State of the globe: many challenges of the multifaceted leprosy.

Leprosy is one of the oldest known or documented infectious diseases.[1] In modern times, several medical advances have been made as it relates to the diagnosis and treatment of this multifaceted disease. However, human beings deplorably cannot be deprived of this malady that stigmatizes gravely. Till date, leprosy tends to be one of those few chronic infectious diseases that is associated with serious morbidity and also remains a disease of public health concern because of the case load and the social stigma attached to the disease.[2-4]

The advent of multidrug therapy in later half of the twentieth century has led to a drastic decline in the prevalence of leprosy. Compared to more than 5 million cases diagnosed in the year 1990, only 244,796 new cases of leprosy were detected globally in the year 2009. The lowest rates are now seen in the Western Pacific Region, while the highest rates are seen in the African and Southeast Asia regions.[5-7] Unfortunately, global trends have a dominating contribution from the countries in Africa and Southeast Asia that are still reporting high case loads and number of patients. Among the countries that report the highest numbers, India leads the list by contributing majority of the cases. The influence of other countries on global figures is extremely limited. This is especially disheartening, considering the fact that on January 30, 2006, India announced that leprosy was eliminated at the national level. More than 100000 cases are still detected in India every year, and of these new cases, more than 1 in 10 cases are detected primarily in youth, which indicates active transmission of leprosy in Indian communities.[8-10]

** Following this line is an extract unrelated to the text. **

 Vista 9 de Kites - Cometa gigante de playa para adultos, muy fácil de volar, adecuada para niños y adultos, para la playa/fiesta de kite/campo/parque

Probably, keeping in view the magnitude of leprosy in India, several researchers have attempted to identify and elucidate the attitude of leprosy patients, their knowledge about the disease, the stigma perceived, and the implications of living with leprosy. However, there have been gaps in our understanding due to the inherent flaws in popular research methods used by investigators. Cross-sectional assessment of leprosy patients with limited items on assessment questionnaires is a prominent reason for inadequacy in exploring the multifaceted nature of leprosy and the associated multiple physical, psychological, social, and economical challenges faced by leprosy patients.[11-13]

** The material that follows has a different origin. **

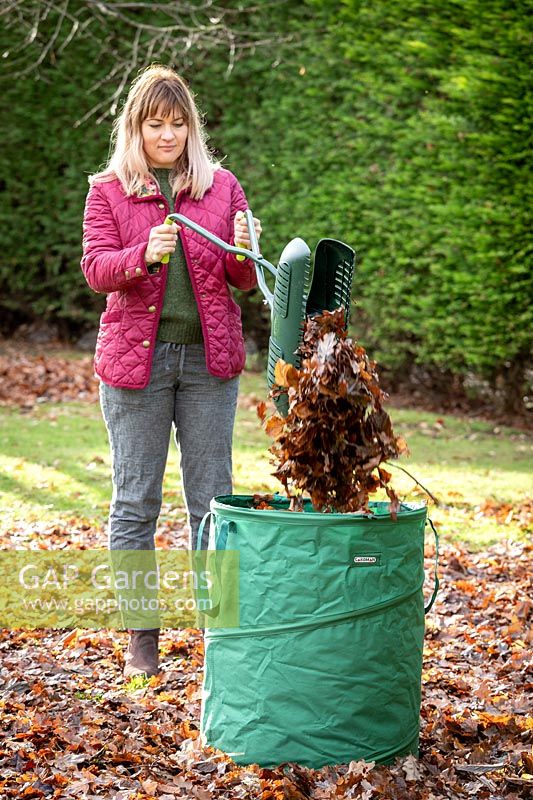 Gathering up leaves with a leaf grabber and collection bag.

The study published in this issue, “A comparative study of the quality of life, knowledge, attitude and belief about leprosy disease among leprosy patients and community members in Shantivan Leprosy Rehabilitation Center, Nere, Maharashtra, India,” is a comprehensive assessment of the knowledge, attitudes, beliefs, and quality of life of leprosy patients.[14] The unique feature of this study is a comparison of leprosy patients with healthy controls for similar disease parameters within the same geographic locale. The study illustrates the differences in knowledge on various topics related to leprosy between healthy controls and leprosy patients within a community. The entire study population had a high awareness about the treatability of leprosy. However, the knowledge on other pathophysiology of leprosy items was poor for the entire study population. In general, leprosy patients had a higher level of knowledge and awareness about the pathophysiology of the disease as compared to healthy controls. These are the hallmark findings that could possibly explain the subsequent results of this study that pertain to the stigma and discriminatory attitude against people with leprosy.

From the study published in this issue, it can be inferred that poor knowledge about pathophysiology of leprosy in healthy controls may have led to the beliefs that food served by leprosy patients is not edible, leprosy patients should be treated separately, and key positions in the society should not be given to leprosy patients. These findings were mirrored by the perceptions of leprosy patients who reported facing discrimination. Furthermore, the perceived quality-of-life scores were lower for leprosy patients, suggesting a mediating impact of stigma and discrimination. In particular, the findings of stigma, discrimination, and lower quality of life were pronounced in females who had leprosy—a fact that may have several clinical and educational implications within a cohort of individuals afflicted with leprosy.

There is an urgent need for comprehensive education of patients, caregivers, and the public on leprosy-related issues. Comprehensive education and media campaigns using a partnership between patients and communities can be a possible solution for creating awareness about leprosy, dispelling the myths and stigma, and counteracting the false beliefs associated with leprosy. Program planners and policymakers should also emphasize on physical and socioeconomic rehabilitation that is worthwhile in restoring self-esteem and standing of the leprosy patients in the community. Public's perceptions towards leprosy have altered in the past few decades. However, still a lot needs to be done to alleviate the underlying peril of stigma that is so intricately associated with leprosy. Till the leprosy patients are not considered as equals, the broader global goal of leprosy elimination will remain elusive.[1516]